Task details -
Skip the pictures and restate, word for word, the lines from the one containing "Used Buick Excelle" to the end of the data below.

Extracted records
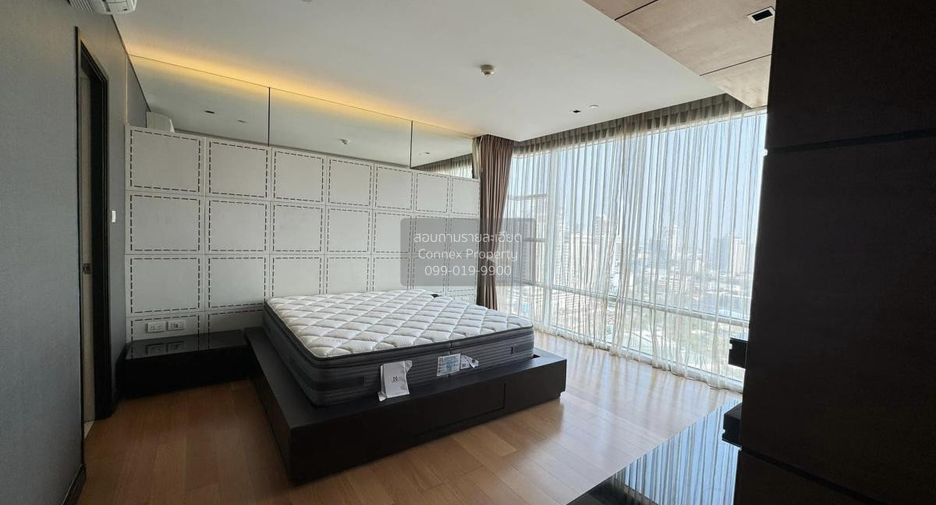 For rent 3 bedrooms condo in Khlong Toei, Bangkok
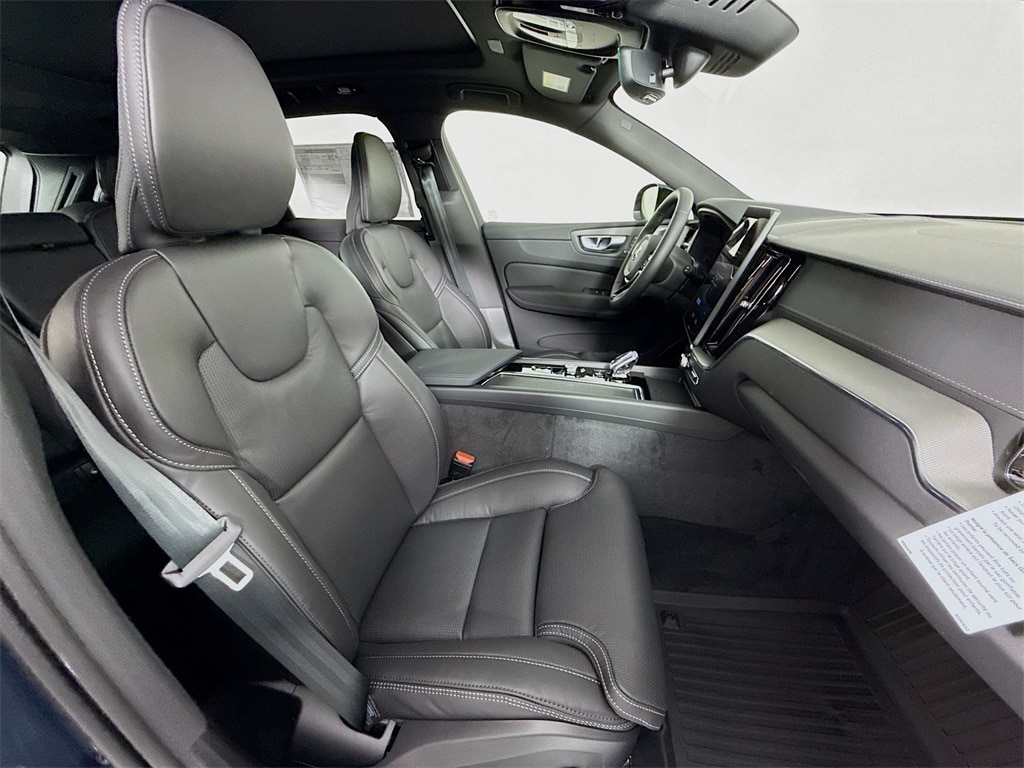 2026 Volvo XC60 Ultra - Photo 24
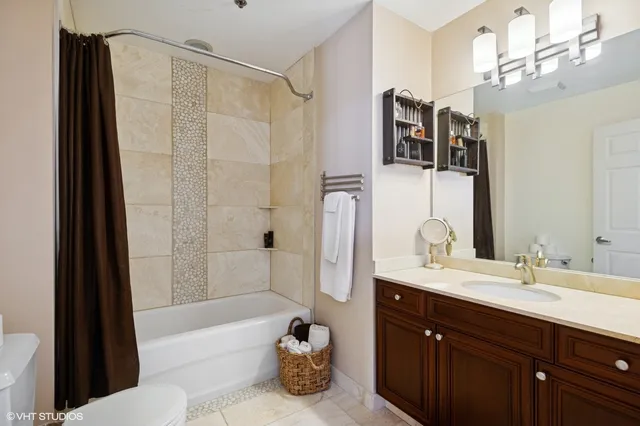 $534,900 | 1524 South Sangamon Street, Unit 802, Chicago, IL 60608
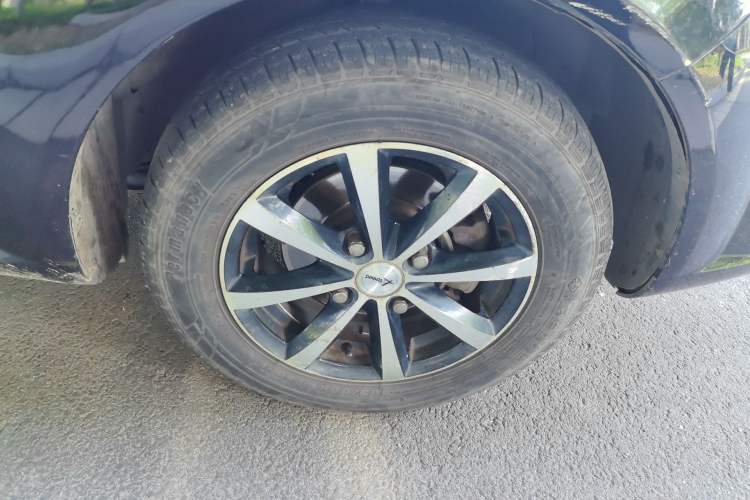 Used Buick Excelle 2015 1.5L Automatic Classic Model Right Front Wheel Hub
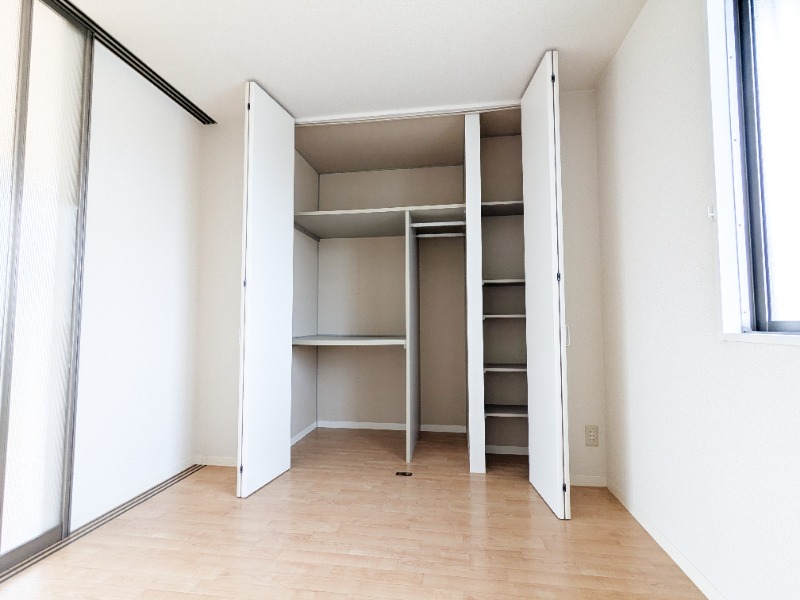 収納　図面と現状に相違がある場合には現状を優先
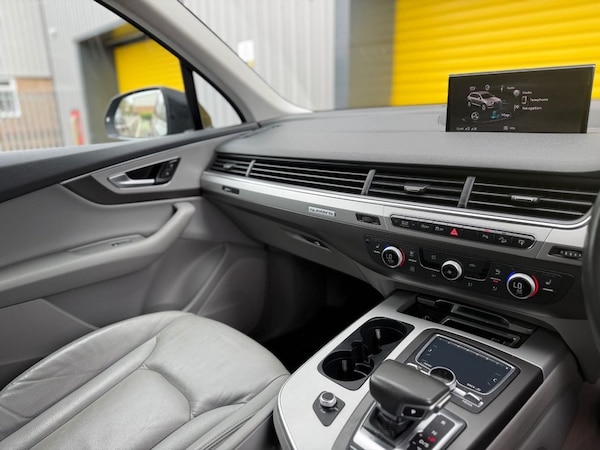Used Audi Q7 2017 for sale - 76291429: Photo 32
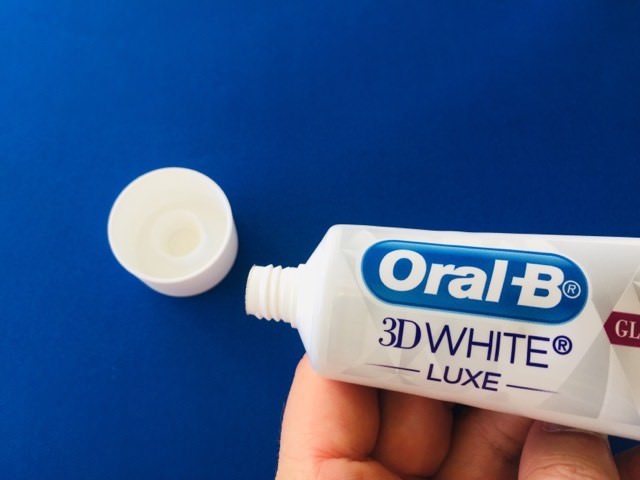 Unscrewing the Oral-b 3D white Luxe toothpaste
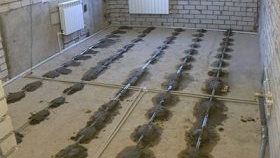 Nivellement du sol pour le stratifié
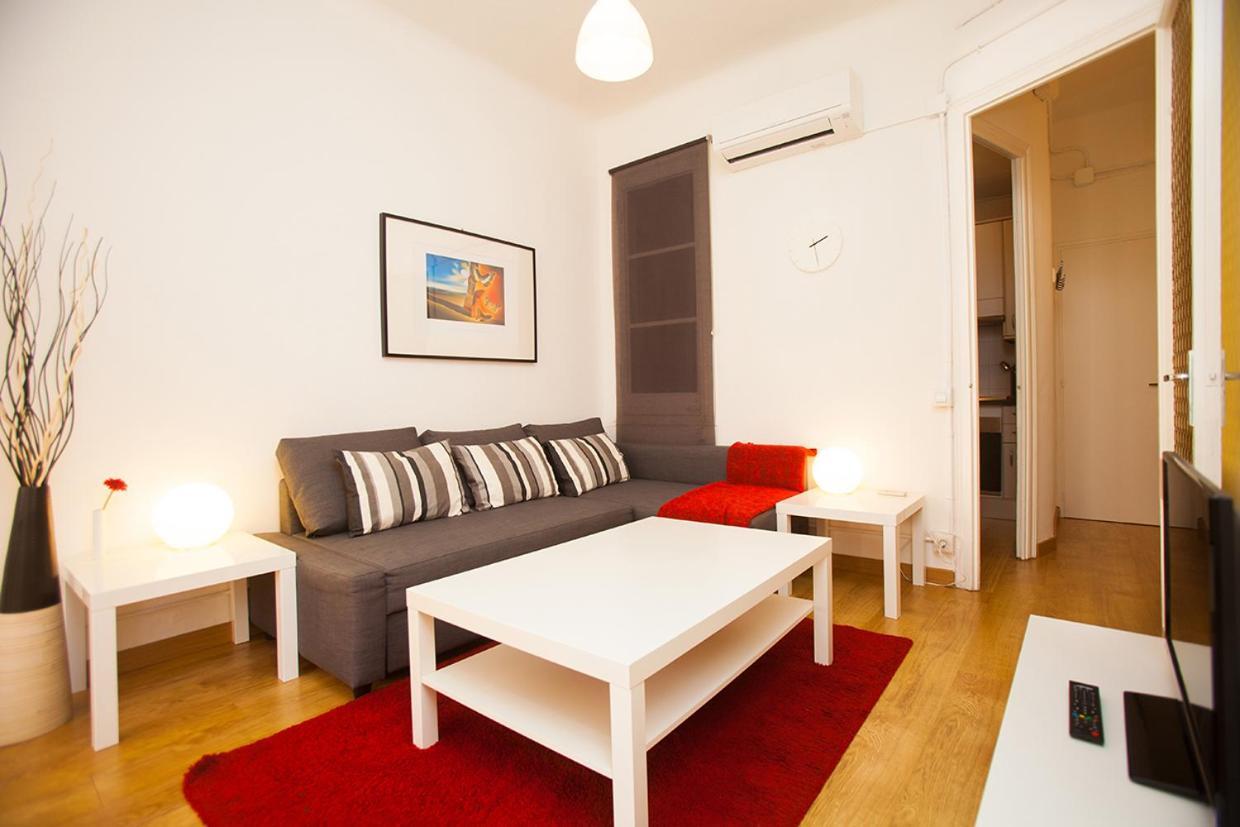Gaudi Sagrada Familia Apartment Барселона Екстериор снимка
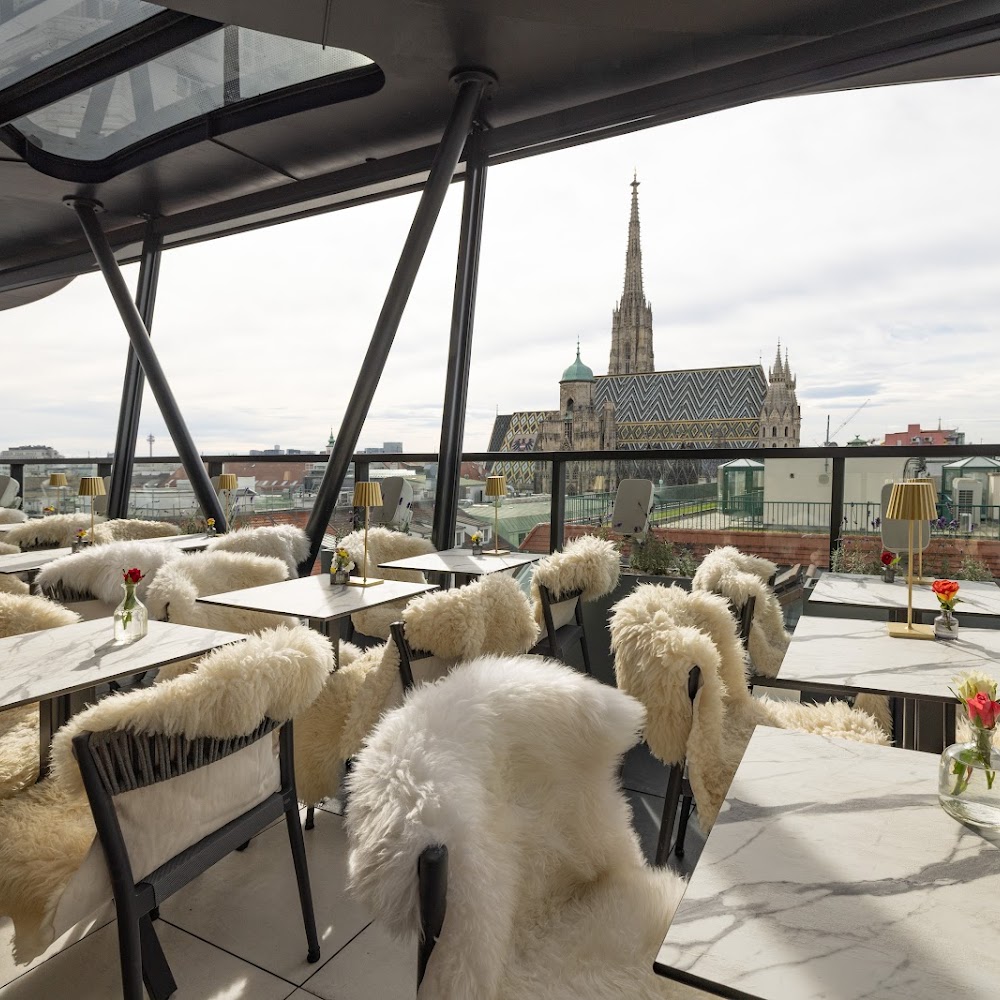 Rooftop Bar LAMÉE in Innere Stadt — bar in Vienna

Expected answer -
 Used Buick Excelle 2015 1.5L Automatic Classic Model Right Front Wheel Hub
 収納　図面と現状に相違がある場合には現状を優先
Used Audi Q7 2017 for sale - 76291429: Photo 32
 Unscrewing the Oral-b 3D white Luxe toothpaste
 Nivellement du sol pour le stratifié
Gaudi Sagrada Familia Apartment Барселона Екстериор снимка
 Rooftop Bar LAMÉE in Innere Stadt — bar in Vienna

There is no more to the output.